Le maure sourit avec malice.
—Je voudrais donc, signora, que vous amenassiez la dame officieuse dans la forêt. J'y paraîtrais bientôt, comme si vous m'aviez demandé, avec deux verres de vin ou de limonade. Vous prendriez celui que je tiendrais de votre côté et présenteriez l'autre à la vieille femme; elle est faible et touche aux portes du tombeau. Si la dose ne produisait pas promptement son effet, immédiatement après l'avoir prise, nous y ajouterions un grain de plus pour le comte.
—Mais si l'effet n'est pas aussi prompt que vous le dites, Zofloya, nous nous trahirons.
—Laissez-moi faire, signora.
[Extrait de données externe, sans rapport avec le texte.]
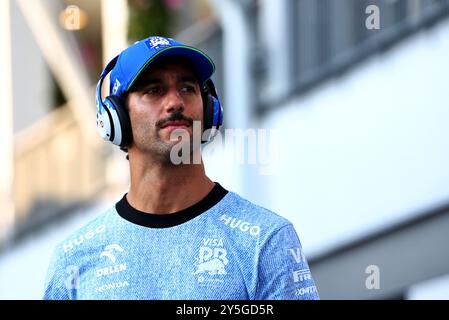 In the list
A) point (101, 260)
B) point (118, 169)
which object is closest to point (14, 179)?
point (118, 169)

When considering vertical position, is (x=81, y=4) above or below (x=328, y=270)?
above

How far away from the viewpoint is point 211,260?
3705mm

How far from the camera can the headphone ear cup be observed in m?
3.95

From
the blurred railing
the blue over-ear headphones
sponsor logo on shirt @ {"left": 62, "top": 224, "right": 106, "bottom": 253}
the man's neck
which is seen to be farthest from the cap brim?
the blurred railing

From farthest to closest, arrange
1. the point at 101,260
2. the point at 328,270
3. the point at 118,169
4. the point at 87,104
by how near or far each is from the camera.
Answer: the point at 87,104 < the point at 118,169 < the point at 328,270 < the point at 101,260

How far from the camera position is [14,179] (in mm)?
12938

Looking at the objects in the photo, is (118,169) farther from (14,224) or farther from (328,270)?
(328,270)

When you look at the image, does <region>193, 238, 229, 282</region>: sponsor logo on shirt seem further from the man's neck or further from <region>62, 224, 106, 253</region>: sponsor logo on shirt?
<region>62, 224, 106, 253</region>: sponsor logo on shirt

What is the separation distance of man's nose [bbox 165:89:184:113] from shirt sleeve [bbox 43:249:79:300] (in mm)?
577

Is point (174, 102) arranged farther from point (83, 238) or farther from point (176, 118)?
point (83, 238)

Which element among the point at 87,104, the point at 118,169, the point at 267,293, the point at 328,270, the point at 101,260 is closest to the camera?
the point at 267,293

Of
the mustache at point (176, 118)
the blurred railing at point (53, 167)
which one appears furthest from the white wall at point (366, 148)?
the mustache at point (176, 118)

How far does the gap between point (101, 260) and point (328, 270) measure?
4750 millimetres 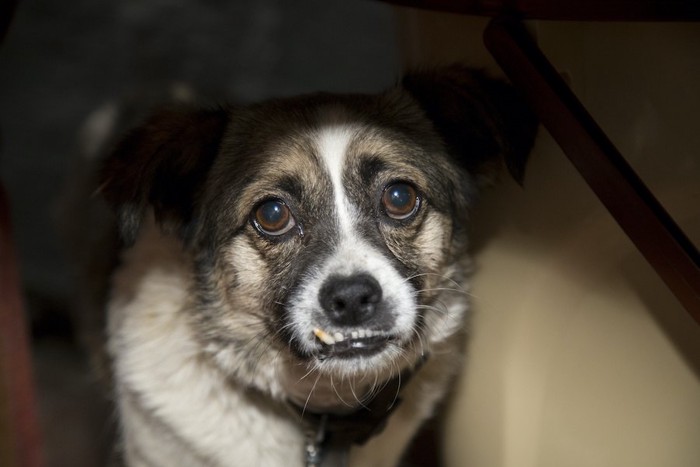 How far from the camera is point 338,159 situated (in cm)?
185

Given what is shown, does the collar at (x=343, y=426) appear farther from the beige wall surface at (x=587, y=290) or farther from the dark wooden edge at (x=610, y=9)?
the dark wooden edge at (x=610, y=9)

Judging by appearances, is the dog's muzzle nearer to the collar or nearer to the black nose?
the black nose

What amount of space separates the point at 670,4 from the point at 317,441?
3.53 feet

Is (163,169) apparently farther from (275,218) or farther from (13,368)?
(13,368)

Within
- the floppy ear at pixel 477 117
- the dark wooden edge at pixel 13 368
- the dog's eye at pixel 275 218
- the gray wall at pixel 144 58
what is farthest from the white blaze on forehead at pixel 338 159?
the gray wall at pixel 144 58

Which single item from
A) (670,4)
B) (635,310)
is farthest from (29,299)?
(670,4)

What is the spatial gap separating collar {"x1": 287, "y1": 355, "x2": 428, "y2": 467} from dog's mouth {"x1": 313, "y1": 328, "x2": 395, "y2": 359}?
0.27m

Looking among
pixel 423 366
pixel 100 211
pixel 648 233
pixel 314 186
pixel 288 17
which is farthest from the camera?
Answer: pixel 288 17

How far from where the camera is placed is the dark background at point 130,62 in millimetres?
3385

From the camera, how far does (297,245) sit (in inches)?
72.6

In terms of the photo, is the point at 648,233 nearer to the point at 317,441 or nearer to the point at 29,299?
the point at 317,441

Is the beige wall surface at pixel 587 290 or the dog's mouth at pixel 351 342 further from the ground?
the beige wall surface at pixel 587 290

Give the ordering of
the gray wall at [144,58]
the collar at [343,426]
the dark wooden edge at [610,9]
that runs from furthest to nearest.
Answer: the gray wall at [144,58], the collar at [343,426], the dark wooden edge at [610,9]

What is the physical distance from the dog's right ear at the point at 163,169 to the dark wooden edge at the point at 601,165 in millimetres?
620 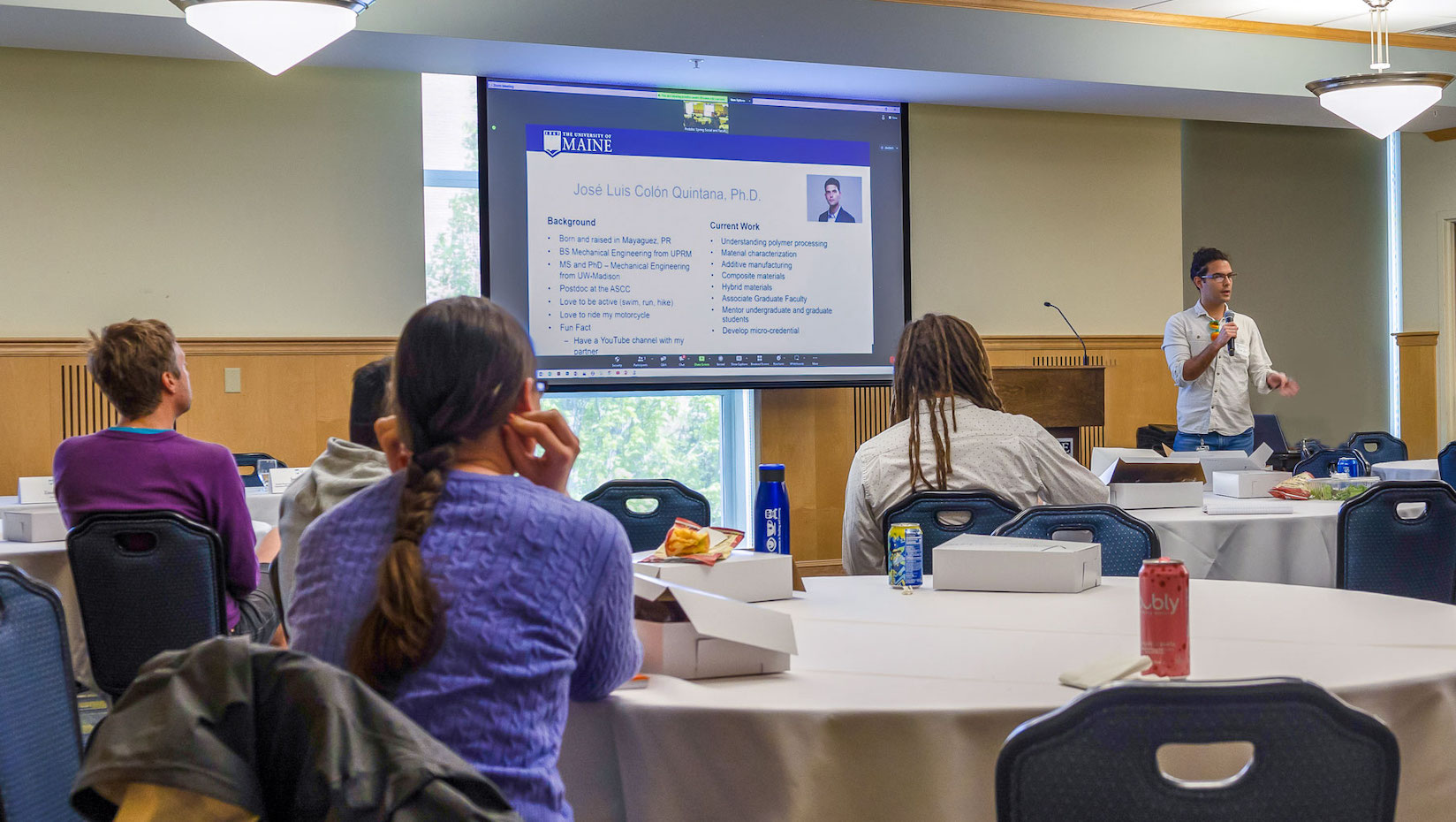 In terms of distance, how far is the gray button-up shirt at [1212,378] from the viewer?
6.14 meters

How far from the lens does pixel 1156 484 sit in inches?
143

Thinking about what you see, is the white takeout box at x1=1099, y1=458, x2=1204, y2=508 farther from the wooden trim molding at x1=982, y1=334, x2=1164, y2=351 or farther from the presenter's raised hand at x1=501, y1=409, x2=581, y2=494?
the wooden trim molding at x1=982, y1=334, x2=1164, y2=351

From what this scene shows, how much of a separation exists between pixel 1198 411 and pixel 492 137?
12.6 feet

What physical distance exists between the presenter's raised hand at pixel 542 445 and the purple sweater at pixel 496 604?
0.06m

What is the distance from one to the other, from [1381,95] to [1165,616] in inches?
202

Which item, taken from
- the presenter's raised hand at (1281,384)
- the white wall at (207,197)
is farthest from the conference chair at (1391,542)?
the white wall at (207,197)

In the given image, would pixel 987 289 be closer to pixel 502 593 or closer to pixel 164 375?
pixel 164 375

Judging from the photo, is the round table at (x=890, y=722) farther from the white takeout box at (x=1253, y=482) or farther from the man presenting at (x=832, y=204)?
the man presenting at (x=832, y=204)

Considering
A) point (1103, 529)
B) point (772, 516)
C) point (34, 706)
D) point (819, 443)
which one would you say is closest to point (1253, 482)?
point (1103, 529)

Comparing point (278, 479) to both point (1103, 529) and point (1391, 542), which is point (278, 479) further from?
point (1391, 542)

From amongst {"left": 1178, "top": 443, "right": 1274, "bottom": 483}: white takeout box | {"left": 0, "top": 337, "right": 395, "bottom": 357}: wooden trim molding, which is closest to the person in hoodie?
{"left": 1178, "top": 443, "right": 1274, "bottom": 483}: white takeout box

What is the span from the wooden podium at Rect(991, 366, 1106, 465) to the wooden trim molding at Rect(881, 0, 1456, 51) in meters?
1.96

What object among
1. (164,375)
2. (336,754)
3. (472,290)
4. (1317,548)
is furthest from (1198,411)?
(336,754)

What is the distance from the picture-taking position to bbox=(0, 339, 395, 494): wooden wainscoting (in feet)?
18.5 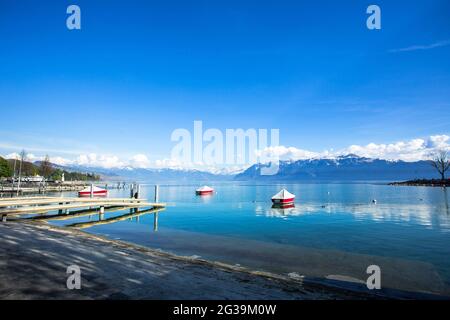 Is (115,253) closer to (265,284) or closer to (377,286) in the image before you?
(265,284)

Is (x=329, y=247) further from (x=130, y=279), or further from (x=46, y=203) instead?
(x=46, y=203)

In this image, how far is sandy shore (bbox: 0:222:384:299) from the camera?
630 centimetres

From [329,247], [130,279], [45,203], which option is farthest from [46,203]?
[329,247]

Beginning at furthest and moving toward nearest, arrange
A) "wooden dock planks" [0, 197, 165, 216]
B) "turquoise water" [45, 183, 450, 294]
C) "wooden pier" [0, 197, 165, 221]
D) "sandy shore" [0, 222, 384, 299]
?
"wooden dock planks" [0, 197, 165, 216], "wooden pier" [0, 197, 165, 221], "turquoise water" [45, 183, 450, 294], "sandy shore" [0, 222, 384, 299]

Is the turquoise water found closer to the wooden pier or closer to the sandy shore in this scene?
the sandy shore

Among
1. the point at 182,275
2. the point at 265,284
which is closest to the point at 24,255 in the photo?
the point at 182,275

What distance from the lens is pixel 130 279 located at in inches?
294

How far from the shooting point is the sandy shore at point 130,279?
6.30 metres

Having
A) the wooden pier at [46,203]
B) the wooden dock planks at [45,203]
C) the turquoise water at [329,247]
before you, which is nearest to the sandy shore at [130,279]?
the turquoise water at [329,247]

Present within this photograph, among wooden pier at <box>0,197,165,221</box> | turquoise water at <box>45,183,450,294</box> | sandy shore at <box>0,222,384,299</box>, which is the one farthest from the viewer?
wooden pier at <box>0,197,165,221</box>

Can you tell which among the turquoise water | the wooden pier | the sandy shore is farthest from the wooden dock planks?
the sandy shore

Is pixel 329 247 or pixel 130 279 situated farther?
pixel 329 247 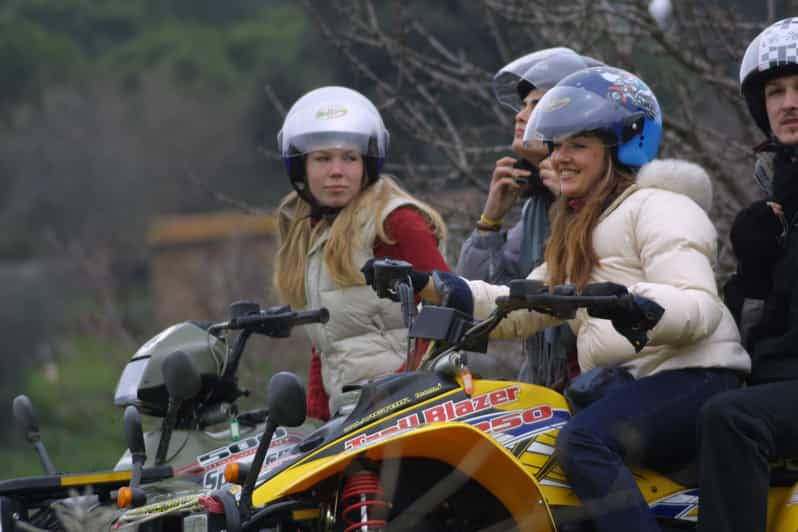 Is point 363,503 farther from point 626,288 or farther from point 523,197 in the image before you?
point 523,197

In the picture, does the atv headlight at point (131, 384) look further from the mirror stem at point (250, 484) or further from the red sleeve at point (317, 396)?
the mirror stem at point (250, 484)

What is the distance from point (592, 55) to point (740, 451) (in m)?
5.13

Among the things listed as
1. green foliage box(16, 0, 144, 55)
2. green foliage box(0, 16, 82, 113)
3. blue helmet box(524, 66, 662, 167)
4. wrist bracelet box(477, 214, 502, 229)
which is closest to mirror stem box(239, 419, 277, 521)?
blue helmet box(524, 66, 662, 167)

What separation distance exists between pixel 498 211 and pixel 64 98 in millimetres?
55538

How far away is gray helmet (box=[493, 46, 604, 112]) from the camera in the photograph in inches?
275

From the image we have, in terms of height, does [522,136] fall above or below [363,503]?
above

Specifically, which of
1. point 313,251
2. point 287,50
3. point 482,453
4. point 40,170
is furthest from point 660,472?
point 287,50

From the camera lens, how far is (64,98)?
2387 inches

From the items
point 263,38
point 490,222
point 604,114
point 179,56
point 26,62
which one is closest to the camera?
point 604,114

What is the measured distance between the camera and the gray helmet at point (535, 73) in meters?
6.99

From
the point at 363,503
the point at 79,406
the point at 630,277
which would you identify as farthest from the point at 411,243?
the point at 79,406

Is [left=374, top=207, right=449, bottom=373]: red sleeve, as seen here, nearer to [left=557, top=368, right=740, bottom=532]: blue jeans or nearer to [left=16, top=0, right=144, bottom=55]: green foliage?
[left=557, top=368, right=740, bottom=532]: blue jeans

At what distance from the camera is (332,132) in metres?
7.14

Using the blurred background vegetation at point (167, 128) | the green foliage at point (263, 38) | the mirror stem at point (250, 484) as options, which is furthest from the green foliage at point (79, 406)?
the green foliage at point (263, 38)
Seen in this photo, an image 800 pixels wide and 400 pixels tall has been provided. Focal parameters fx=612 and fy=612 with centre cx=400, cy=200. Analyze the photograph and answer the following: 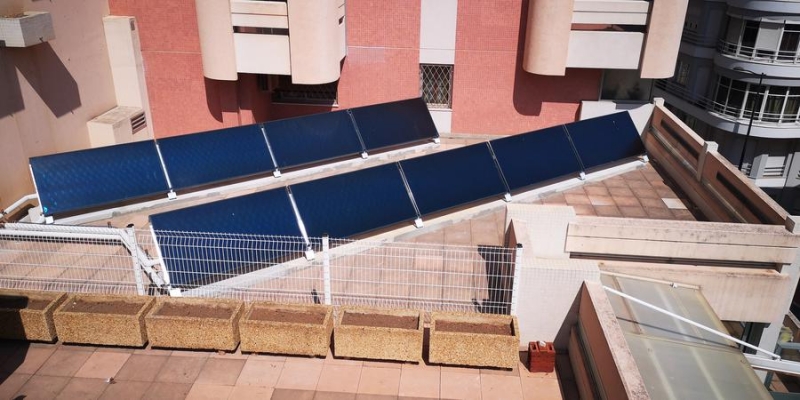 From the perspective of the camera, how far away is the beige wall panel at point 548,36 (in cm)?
1683

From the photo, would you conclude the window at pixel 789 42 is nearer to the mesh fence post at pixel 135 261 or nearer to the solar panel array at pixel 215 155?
the solar panel array at pixel 215 155

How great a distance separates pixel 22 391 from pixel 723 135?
137 feet

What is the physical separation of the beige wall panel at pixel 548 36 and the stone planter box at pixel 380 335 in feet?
34.1

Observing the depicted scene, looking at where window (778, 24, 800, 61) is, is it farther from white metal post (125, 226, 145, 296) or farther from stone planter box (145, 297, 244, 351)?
white metal post (125, 226, 145, 296)

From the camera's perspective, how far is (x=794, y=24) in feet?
115

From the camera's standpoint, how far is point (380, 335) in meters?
9.28

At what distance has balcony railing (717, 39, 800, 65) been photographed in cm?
3578

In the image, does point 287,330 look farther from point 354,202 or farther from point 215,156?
point 215,156

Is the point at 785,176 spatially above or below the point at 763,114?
below

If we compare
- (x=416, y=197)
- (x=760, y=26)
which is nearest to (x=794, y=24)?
(x=760, y=26)

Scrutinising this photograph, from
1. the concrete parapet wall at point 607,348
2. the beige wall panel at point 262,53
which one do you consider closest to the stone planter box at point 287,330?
the concrete parapet wall at point 607,348

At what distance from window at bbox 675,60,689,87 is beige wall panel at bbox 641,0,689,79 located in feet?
90.8

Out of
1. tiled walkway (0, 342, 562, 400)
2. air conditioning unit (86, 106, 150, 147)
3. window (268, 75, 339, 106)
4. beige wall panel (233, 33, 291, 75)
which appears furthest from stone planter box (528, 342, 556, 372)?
air conditioning unit (86, 106, 150, 147)

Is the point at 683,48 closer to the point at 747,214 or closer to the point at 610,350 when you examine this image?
the point at 747,214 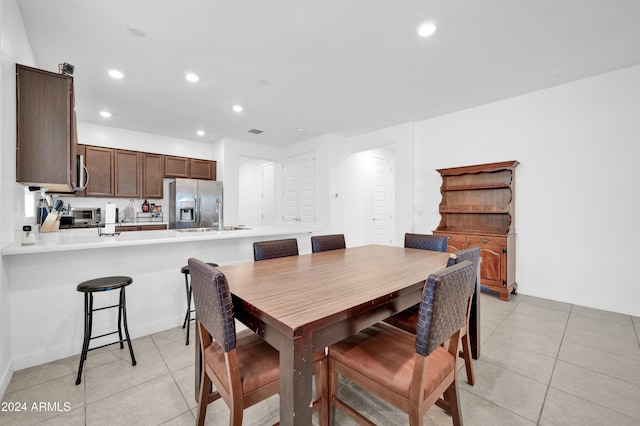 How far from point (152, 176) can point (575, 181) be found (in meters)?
6.75

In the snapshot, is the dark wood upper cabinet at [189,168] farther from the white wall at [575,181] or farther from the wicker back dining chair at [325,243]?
the white wall at [575,181]

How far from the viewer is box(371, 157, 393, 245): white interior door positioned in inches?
237

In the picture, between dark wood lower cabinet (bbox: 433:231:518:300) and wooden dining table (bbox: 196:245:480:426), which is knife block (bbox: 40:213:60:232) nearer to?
wooden dining table (bbox: 196:245:480:426)

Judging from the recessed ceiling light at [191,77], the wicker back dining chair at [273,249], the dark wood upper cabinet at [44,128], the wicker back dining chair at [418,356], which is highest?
the recessed ceiling light at [191,77]

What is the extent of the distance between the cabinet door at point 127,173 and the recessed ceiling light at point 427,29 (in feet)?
16.9

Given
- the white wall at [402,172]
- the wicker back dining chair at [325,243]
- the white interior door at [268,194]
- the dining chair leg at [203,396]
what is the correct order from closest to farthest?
the dining chair leg at [203,396], the wicker back dining chair at [325,243], the white wall at [402,172], the white interior door at [268,194]

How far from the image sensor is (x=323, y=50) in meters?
2.60

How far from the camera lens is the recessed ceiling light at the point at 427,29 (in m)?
2.24

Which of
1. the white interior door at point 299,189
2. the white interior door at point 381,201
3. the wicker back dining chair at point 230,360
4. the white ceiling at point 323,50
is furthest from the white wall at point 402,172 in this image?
the wicker back dining chair at point 230,360

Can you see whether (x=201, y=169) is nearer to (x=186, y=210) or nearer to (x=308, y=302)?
(x=186, y=210)

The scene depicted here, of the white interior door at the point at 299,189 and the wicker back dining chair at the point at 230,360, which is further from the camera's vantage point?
the white interior door at the point at 299,189

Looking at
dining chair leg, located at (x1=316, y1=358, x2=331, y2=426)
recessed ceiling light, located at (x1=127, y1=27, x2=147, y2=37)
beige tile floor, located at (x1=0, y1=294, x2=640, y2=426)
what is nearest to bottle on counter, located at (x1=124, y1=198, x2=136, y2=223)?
beige tile floor, located at (x1=0, y1=294, x2=640, y2=426)

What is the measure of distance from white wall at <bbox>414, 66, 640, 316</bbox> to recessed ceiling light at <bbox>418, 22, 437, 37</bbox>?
7.16 ft

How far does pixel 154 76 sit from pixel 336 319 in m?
3.50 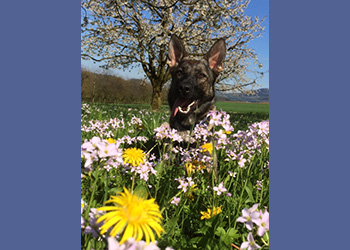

Sitôt l'opération, qui sera prompte, je vous assure, je m'éloignerai, et vous courrez au château pour appeler du secours, en disant, comme cela paraîtra probable, que la signora est tombée; dans une attaque d'apoplexie.
—Mais ne verra-t-on pas quelques marques de poison après sa mort?
—Elles seront attribuées au genre de mort subite qui l'aura atteint. Il n'y aura rien qui puisse exciter le soupçon; soyez en bien assurée, belle Victoria. J'ai intérêt, le plus grand intérêt à ne point vous exposer.
—Eh bien, donnez-moi donc cette poudre. Je compte absolument sur vous.